Practically speaking, no, this doesn't happen. Overwriting memory you've just freed takes time, so there are performance penalties. "Secure" objects like SecureString are just wiping themselves, not relying on the GC.
More broadly, it depends very much on that particular implementation of that particular language. Every language that assumes the existence of a GC (like C#) specifies different rules about how and when garbage collection should happen.
To take your C# example, the C# specification does not require that objects be overwritten after being freed, and it doesn't forbid it either:
Finally, at some time after the object becomes eligible for collection, the garbage collector frees the memory associated with that object.

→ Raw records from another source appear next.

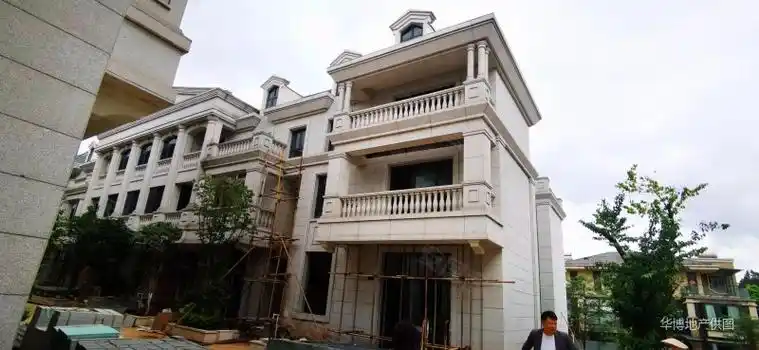 隔滇池一步春城 别墅房东定居国外忍痛割爱低于市场价300万,春城首府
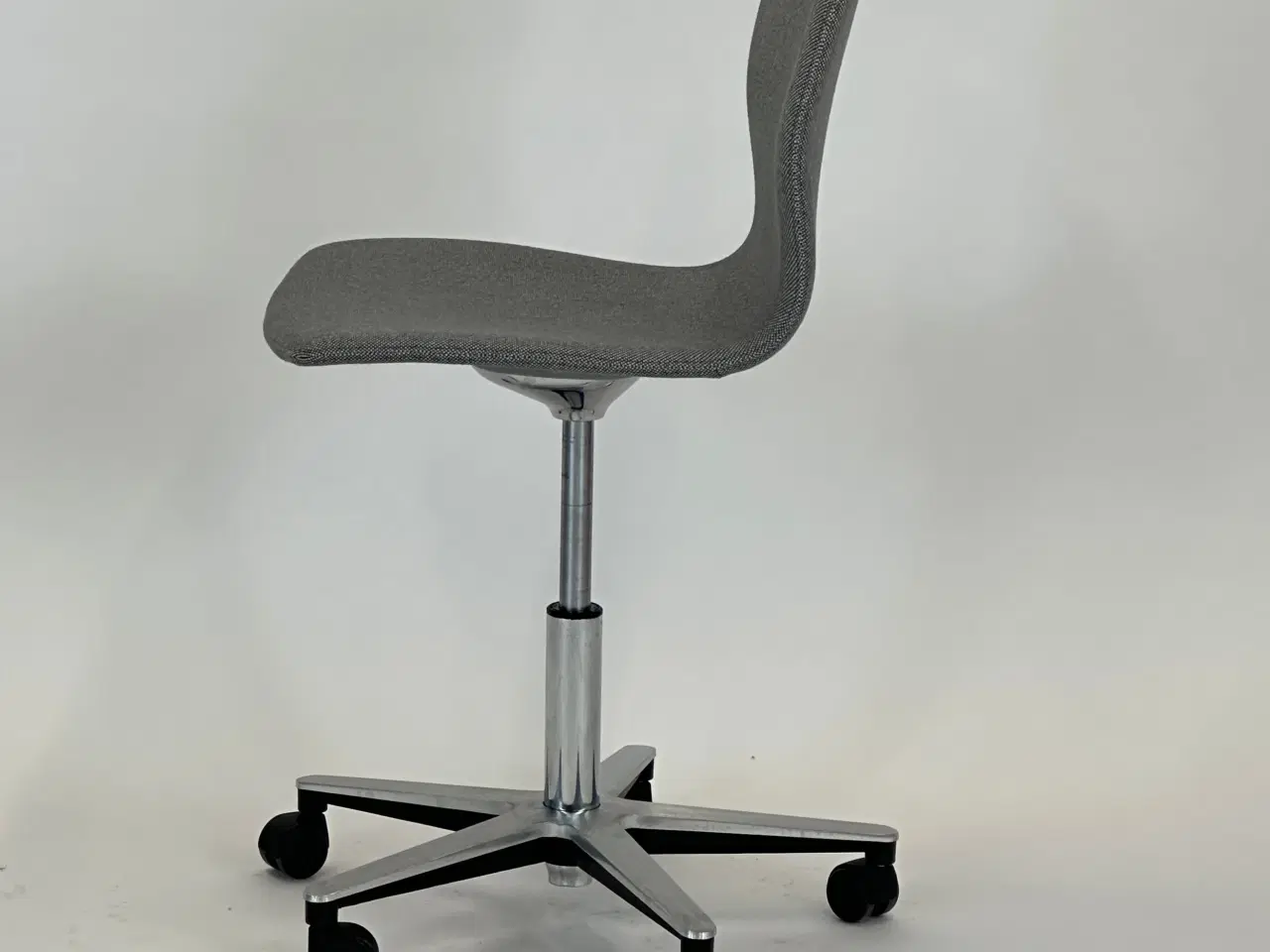 Billede 4 - Butterfly swivel fra Magnus Olesen (Grå)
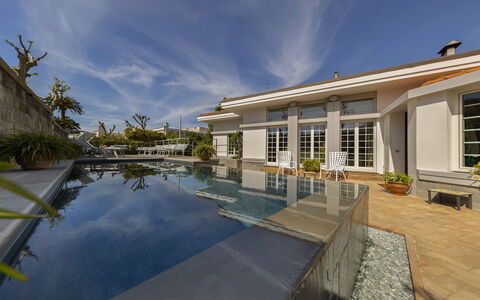 Villa Clara: Arkitektur, Hjem, Svømmepøl, Kompositmateriale, Estate, Water Feature, Mansion, Udvej, Villa, Eco Hotel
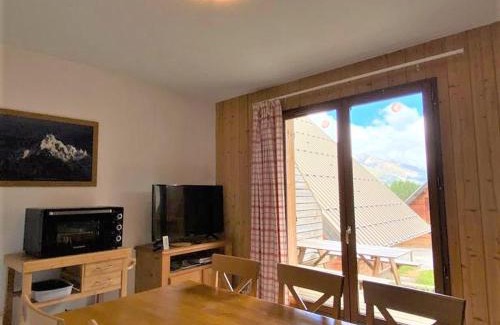 La Joue du Loup Ski Chalet | Chalet mitoyen 3 pièces 7 personnes avec piscine et sauna - Résidence Les Flocons du Soleil - FR-1-504-56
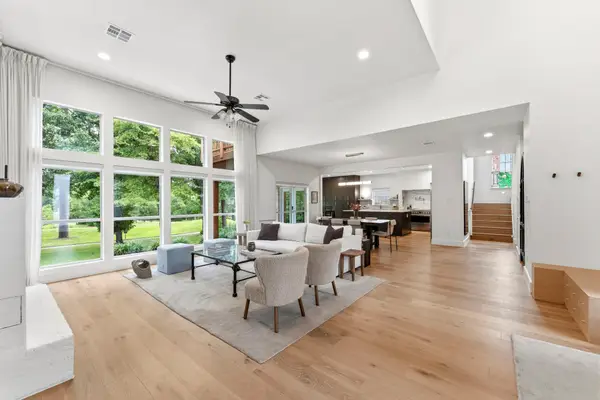 9 Claridge Court, Conroe, TX 77304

§3.9 C# 5.0 Language Specification
If the memory is later assigned to a reference type, you'll have a constructor that does your own custom initialization. If the memory is later assigned to a value type, it gets zeroed out before you can start reading from it:
Initialization to default values is typically done by having the memory manager or garbage collector initialize memory to all-bits-zero before it is allocated for use. For this reason, it is convenient to use all-bits-zero to represent the null reference.
§5.2 C# 5.0 Language Specification
Additionally, there's at least two implementations of C# -- Microsoft's implementation and Mono's implementation, so just saying "C#" isn't specific enough. Each implementation might decide to overwrite memory (or not).